En Afrique, de nombreux fétiches sont manipulés directement. Les nsiba, marionnettes-trompes congolaises, étaient manipulées à bras-le-corps, les porteurs soufflaient dedans pour les faire résonner. Cette cérémonie se déroulait lors des obsèques d’un membre important de la communauté bembe.

Michael Meschke présenta en 1973, au Marionetteatern de Stockholm, Splendeur et mort de Joaquin Murieta de Pablo Neruda, avec des comédiens qui manipulaient directement à la main des petites figurines sur une table parée d’un décor.

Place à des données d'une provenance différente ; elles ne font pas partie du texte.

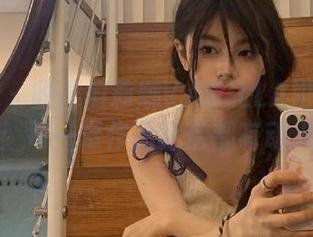 蜜桃社 – 收录韵莉娜VANILLA姐姐的写真全集：每一幅作品背后都有动人的故事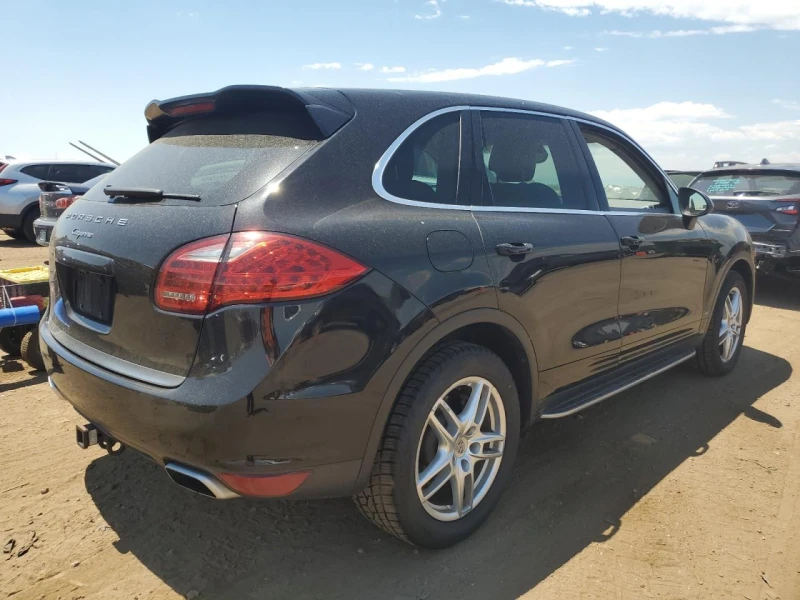 Porsche Cayenne, снимка 2 - Автомобили и джипове - 47253920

Le scénographe Marcel Violette conçut, entre 1970 et 1982, des marionnettes pour la compagnie Houdart-Heuclin : dans Le roi se meurt d’Eugène Ionesco (1974), les personnages étaient figurés par de grands boudins en toile de jute maculée, montés sur de gros ressorts. Au début du spectacle, ils étaient en extension, portés par les comédiens. Ils mesuraient plus de 2 mètres, puis, au fur et à mesure que le pouvoir et la société se désagrégeaient, que le roi mourait, elles se délitaient, se recroquevillaient sur elles-mêmes jusqu’à disparaître sur le sol et c’est alors que les comédiens, en tant que tels, prenaient le relais.

Pour le Théâtre de la Manicle, du Havre, dirigé par Georges Vérin, il imagina des marionnettes dans une adaptation du roman de Howard Buten, Monsieur Butterfly (1999). Les quatre personnages de handicapés, réalisés avec des objets qui traînaient dans un bar, boule à sucre, serpillière, guitare, boa, étaient assemblés à vue par les comédiens. Dans certaines scènes de construction, de fête ou de violence, ils étaient manipulés comme des objets en préhension directe.

Ou bien encore dans Fissures, un spectacle monté par le Nord-Ouest Théâtre – La Famille magnifique, de René Pareja, Roland Fichet relatait le viol et le meurtre d’une femme. Fabriquer un « faux-semblant » qui résistât à une telle fureur était une gageure, mais en déchirant simplement une feuille de papier pliée en deux, le comédien récitant faisait naître une silhouette de femme. Cette forme dérisoire et fragile tirait toute sa force dramatique de sa manipulation sans artifice. Victime de toutes les avanies, elle était froissée puis déchirée en morceaux et finissait noyée.

Franck Soehnle de la compagnie Figuren theater Tübingen manipula remarquablement, à vue, la danse frénétique d’une sorte de squelette dans Flamingo bar. La marionnette était constituée d’une tête creuse (à la mâchoire mobile) accrochée à une traverse d’épaules où étaient attachés des bras articulés et une longue loque en guise de costume. D’une main placée en supination, il maintenait la tête avec son pouce et une bride (fixée derrière la traverse) posée sur le poignet. Les autres doigts étaient placés à l’intérieur pour remuer la mâchoire. Sa main gauche empoignait directement les mains de la marionnette.

Quant à la compagnie « S’appelle reviens », elle présenta dans États de femmes (2005) une recherche de manipulation directe de matériaux pour construire les personnages. Ces artistes modèlent directement des marionnettes, empoignent terre et sable, jouant avec les matières comme le latex et le sucre pour exprimer leurs émotions ou leurs cauchemars.